Normangee · Leon County

Ghost Towns

Hear Duane tell it

Leon County, Texas

Duane's take

Here's how the official marker tells it, and I'll do my best to do it justice. You're rolling through Leon County now, and the land out here has got a story underneath it — one that starts back in 1835, on a road that was already old when Texas was still a Mexican territory. This stretch was part of the Old San Antonio Road, and a man named Robert Rogers looked out at this ground and decided it was his.

He had a land grant from the Mexican government to back him up, and in 1835 he put down roots. Robert Rogers, born 1799, died 1870 — a man who clearly knew a good piece of earth when he saw one. His brother Stephen Rogers followed him out here, and others came along behind, the way people do when someone brave enough goes first.

Before long, what started as one man's property had grown into something with a name and a shape to it. A church went up. A school.

A post office. A Masonic Lodge. Several stores.

Rogers Prairie had become a real, breathing community. Now, here's where the story takes that particular kind of turn that Texas history is full of.

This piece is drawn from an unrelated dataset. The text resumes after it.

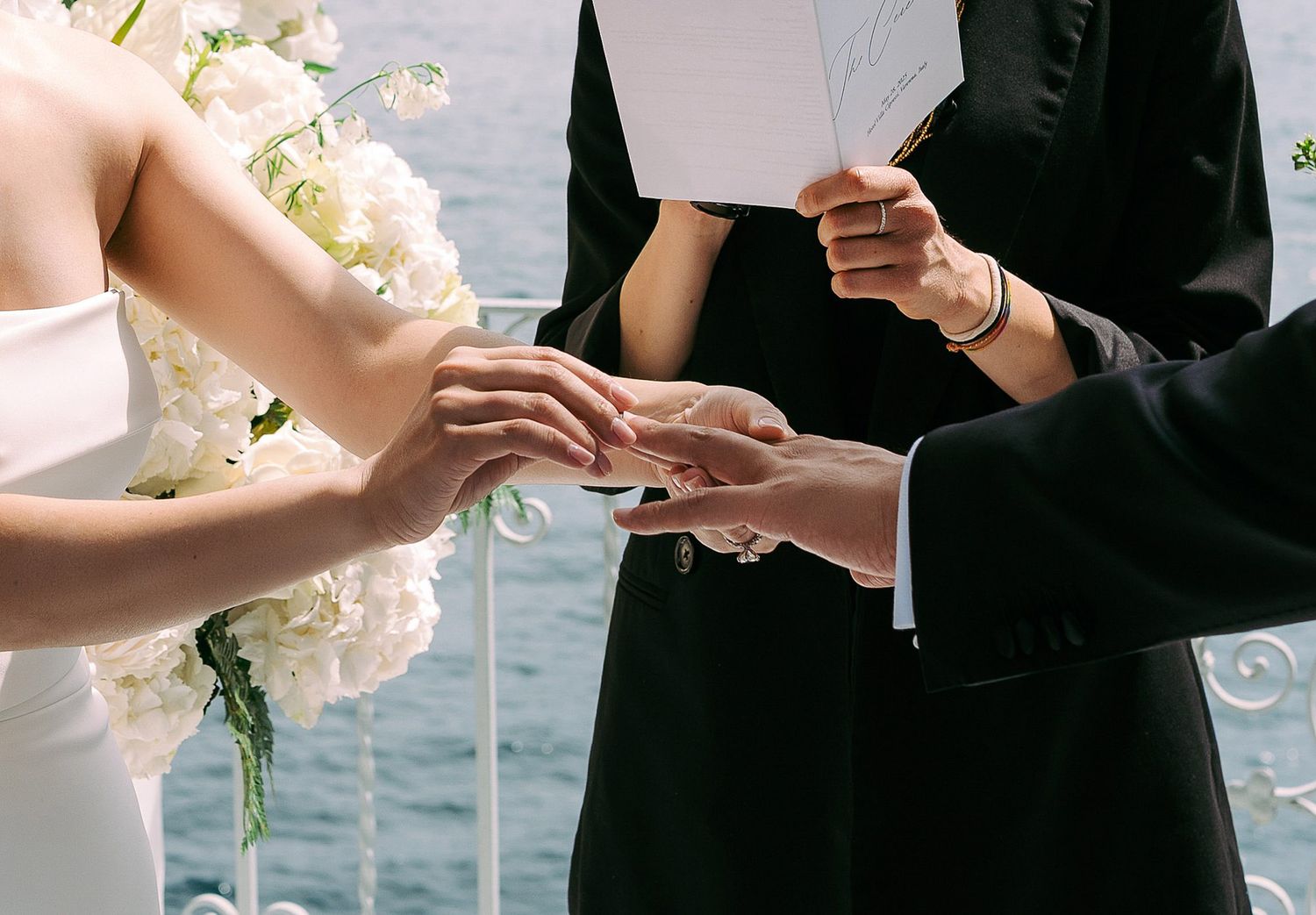 Close-up of hands exchanging wedding rings during outdoor waterfront ceremony with white floral bouquet.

The Trinity and Brazos Valley Rail Line came through in 1906 — and it did not come through Rogers Prairie.

It bypassed the town. And when a railroad bypasses a town in that era, well, the town has a choice to make. Rogers Prairie made its choice.

The whole community picked up and moved — one point six miles west — and took on a new name: Normangee. Not a collapse, not an abandonment. A migration.

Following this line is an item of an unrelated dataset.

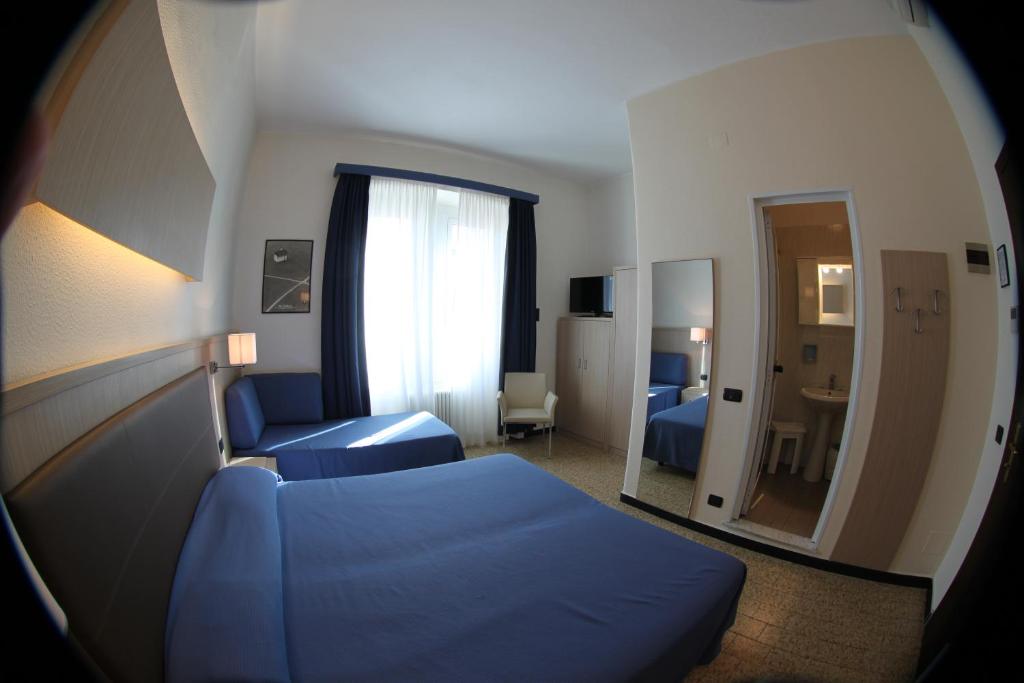 Postel nebo postele na pokoji v ubytování Hotel Stella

A reinvention. Which makes what's left behind all the more striking. Out here, a tenth of a mile north of where you're sitting right now, there is a cemetery.

That's it. That's all that remains of the original Rogers Prairie. The church is gone, the stores are gone, the lodge is gone — but the people who were laid to rest before that railroad ever came through, they stayed.

They always do.

What the marker says

Located on the Old San Antonio Road, this area was settled in 1835 by Robert Rogers (1799-1870), who had received a land grant from the Mexican government. A settlement grew up around his property as he was joined by his brother Stephen Rogers and others. The community later included a church, school, post office, Masonic Lodge, and several stores. Bypassed by the Trinity & Brazos Valley Rail Line in 1906, the town was moved 1.6 miles west and renamed Normangee. Only a community cemetery (.1 mile north) remains at the original site.